* Task directions:
Retype the data below exactly, skipping pictures.

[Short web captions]
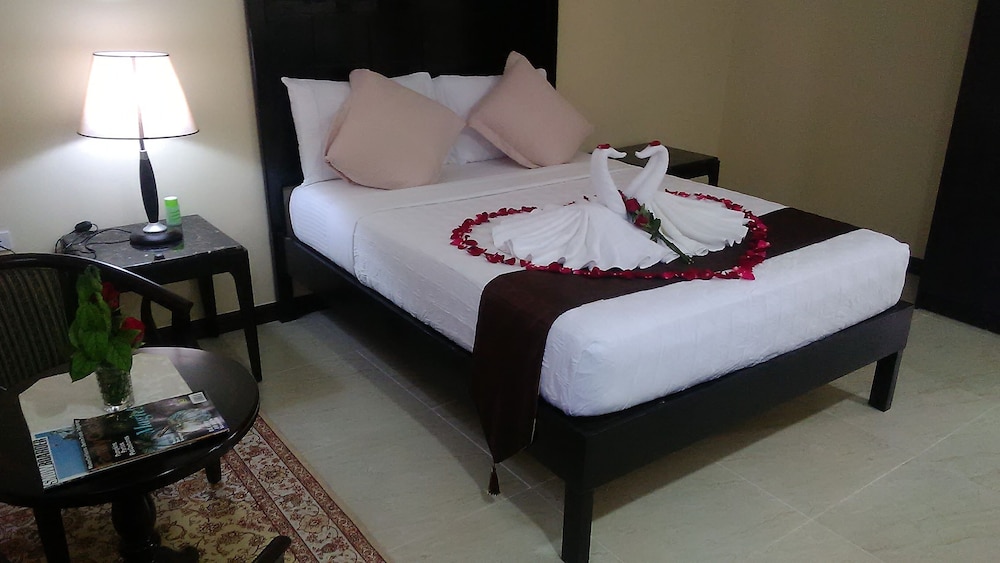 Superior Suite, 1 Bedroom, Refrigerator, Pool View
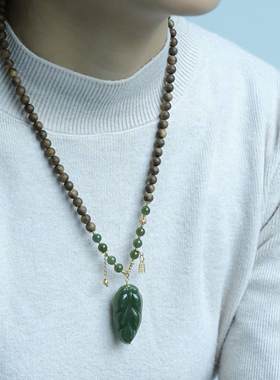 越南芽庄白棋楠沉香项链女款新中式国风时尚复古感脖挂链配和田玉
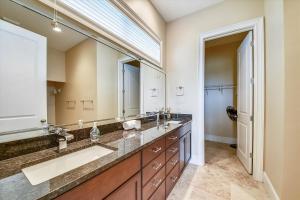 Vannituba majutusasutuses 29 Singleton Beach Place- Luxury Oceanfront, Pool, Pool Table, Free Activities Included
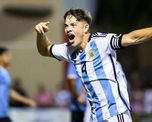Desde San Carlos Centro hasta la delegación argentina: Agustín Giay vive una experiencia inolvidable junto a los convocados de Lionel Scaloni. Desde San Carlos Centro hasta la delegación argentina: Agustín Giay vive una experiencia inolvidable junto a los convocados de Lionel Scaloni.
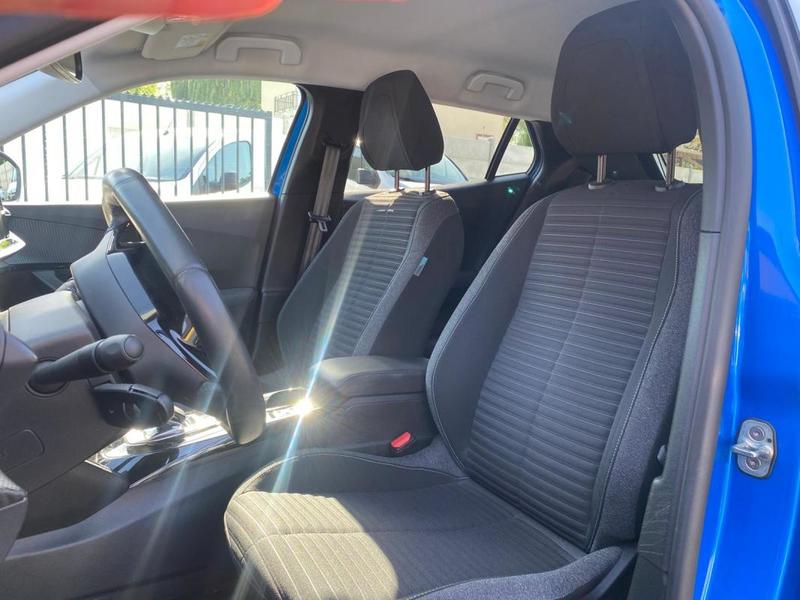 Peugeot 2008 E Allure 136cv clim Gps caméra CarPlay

* Finished exercise:
 Superior Suite, 1 Bedroom, Refrigerator, Pool View
 越南芽庄白棋楠沉香项链女款新中式国风时尚复古感脖挂链配和田玉
 Vannituba majutusasutuses 29 Singleton Beach Place- Luxury Oceanfront, Pool, Pool Table, Free Activities Included
Desde San Carlos Centro hasta la delegación argentina: Agustín Giay vive una experiencia inolvidable junto a los convocados de Lionel Scaloni. Desde San Carlos Centro hasta la delegación argentina: Agustín Giay vive una experiencia inolvidable junto a los convocados de Lionel Scaloni.
 Peugeot 2008 E Allure 136cv clim Gps caméra CarPlay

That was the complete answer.